**HOW TO COMPLETE THIS TASK:**
Among the entries below, find the line with "Πισίνα Φωτογραφία" and the line with "Hardrace Front Strut". Return exactly those lines and every line between them, but no pictures.

**MATERIAL TO PROCESS:**
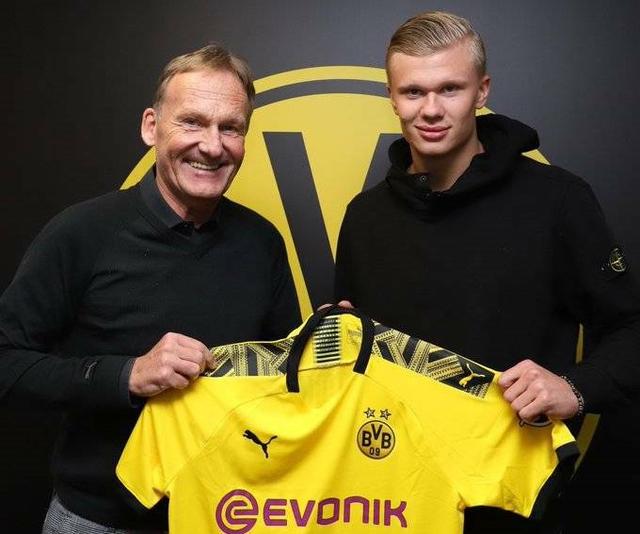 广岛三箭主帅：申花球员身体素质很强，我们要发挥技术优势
==
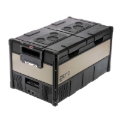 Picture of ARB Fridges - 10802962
--
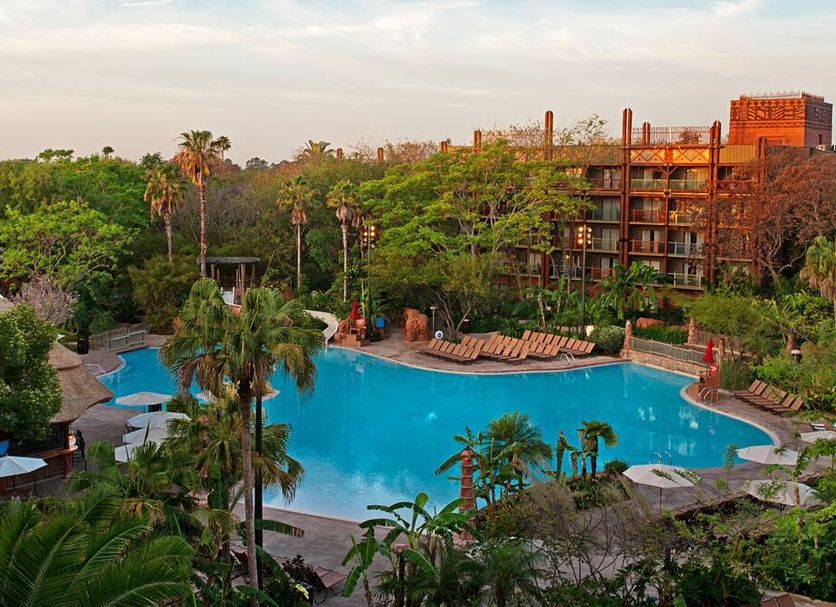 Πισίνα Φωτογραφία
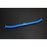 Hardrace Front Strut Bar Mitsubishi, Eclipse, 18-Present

**ANSWER SPACE:**
 Πισίνα Φωτογραφία
 Hardrace Front Strut Bar Mitsubishi, Eclipse, 18-Present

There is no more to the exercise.